1. API Authentication Test: Attempt to access protected endpoints without authentication
2. Rate Limiting Test: Exceed rate limits and verify behavior
3. API Discovery: Enumerate endpoints and verify no hidden/internal APIs are exposed

---

Implementation Workflow

Phase 1: Design

1. Define threat model and security requirements
2. Identify sensitive data and operations
3. Design authentication and authorization architecture
4. Plan security controls for each component

Phase 2: Development

1. Apply secure coding patterns from this skill
2. Implement input validation at all entry points
3. Use parameterized queries and safe APIs
4. Configure security headers and CORS properly
5. Implement proper error handling

Phase 3: Testing

1. Run automated security scans (SAST, SCA)
2. Perform manual code review with this checklist
3. Conduct penetration testing
4. Test with fuzzing and injection payloads
5. Verify business logic security

Phase 4: Deployment

1. Secure configuration management
2. Enable security monitoring and logging
3. Implement incident response procedures
4. Plan for security updates and patches

Compliance and Standards

OWASP Top 10

Stay current with the latest OWASP Top 10 vulnerabilities and ensure your applications are protected against them.

CWE/SANS Top 25

Address the most dangerous software weaknesses identified by MITRE and SANS.

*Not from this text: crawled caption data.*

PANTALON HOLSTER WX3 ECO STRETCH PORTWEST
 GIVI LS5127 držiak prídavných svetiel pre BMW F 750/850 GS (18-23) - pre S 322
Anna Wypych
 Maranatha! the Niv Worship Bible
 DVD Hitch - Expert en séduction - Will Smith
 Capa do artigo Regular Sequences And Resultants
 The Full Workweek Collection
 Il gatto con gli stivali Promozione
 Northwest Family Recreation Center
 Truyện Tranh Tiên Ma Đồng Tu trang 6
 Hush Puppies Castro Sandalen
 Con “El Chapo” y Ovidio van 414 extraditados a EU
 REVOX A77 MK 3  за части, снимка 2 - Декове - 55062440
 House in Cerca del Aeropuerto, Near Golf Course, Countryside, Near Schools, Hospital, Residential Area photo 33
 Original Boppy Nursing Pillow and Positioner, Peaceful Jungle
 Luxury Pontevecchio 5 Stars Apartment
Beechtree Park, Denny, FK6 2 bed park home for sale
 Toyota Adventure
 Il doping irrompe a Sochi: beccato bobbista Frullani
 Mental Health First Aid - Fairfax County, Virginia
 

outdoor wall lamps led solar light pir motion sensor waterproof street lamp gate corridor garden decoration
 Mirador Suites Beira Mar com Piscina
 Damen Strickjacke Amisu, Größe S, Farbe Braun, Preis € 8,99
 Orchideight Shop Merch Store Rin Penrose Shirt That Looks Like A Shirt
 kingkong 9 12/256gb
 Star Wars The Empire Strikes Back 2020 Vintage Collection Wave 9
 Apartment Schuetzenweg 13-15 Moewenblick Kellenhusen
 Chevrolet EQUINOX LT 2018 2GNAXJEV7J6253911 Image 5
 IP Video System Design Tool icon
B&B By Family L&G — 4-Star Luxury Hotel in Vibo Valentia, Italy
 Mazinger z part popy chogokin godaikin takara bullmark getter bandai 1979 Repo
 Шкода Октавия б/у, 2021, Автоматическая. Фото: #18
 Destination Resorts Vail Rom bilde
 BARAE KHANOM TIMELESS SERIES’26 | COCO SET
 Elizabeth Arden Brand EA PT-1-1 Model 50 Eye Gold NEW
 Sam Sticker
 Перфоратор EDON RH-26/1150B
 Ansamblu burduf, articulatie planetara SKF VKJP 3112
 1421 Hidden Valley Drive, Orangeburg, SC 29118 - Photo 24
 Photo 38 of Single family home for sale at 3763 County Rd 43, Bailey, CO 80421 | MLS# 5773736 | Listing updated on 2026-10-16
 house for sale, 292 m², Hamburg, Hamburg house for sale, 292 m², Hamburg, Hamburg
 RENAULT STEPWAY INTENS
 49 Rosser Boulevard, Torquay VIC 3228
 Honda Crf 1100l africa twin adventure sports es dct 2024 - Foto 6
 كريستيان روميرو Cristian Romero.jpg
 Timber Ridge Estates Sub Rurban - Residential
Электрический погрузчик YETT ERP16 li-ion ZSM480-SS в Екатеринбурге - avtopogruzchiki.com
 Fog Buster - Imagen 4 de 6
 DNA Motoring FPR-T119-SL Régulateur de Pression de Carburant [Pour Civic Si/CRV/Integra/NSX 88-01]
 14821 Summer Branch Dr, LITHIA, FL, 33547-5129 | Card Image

Industry-Specific Standards

• PCI-DSS: For payment card data
• HIPAA: For healthcare data
• GDPR: For EU personal data
• SOC 2: For service organizations

When to Use This Skill

• Before writing any code: Review security requirements and threat model
• During code generation: Ensure AI-generated code follows security best practices
• During code review: Verify code against this comprehensive checklist
• During security audits: Use as a systematic guide for vulnerability assessment
• During incident response: Identify root causes and prevent recurrence
• During security training: Educate developers on secure coding practices

Summary

Security is not a feature—it's a foundation. AI-generated code requires extra scrutiny because models prioritize functionality and aesthetics over security. This skill provides the guardrails, checklists, and verification steps needed to ensure your code is secure by design, not by accident, the examples provided in this place are from python but you need to adapt the logic from python to the codebase language.

Remember: Trust but verify. Always assume AI-generated code contains vulnerabilities until proven otherwise through rigorous review and testing.

---

This skill should be consulted for every code generation task, every code review, and every security audit. Security is everyone's responsibility.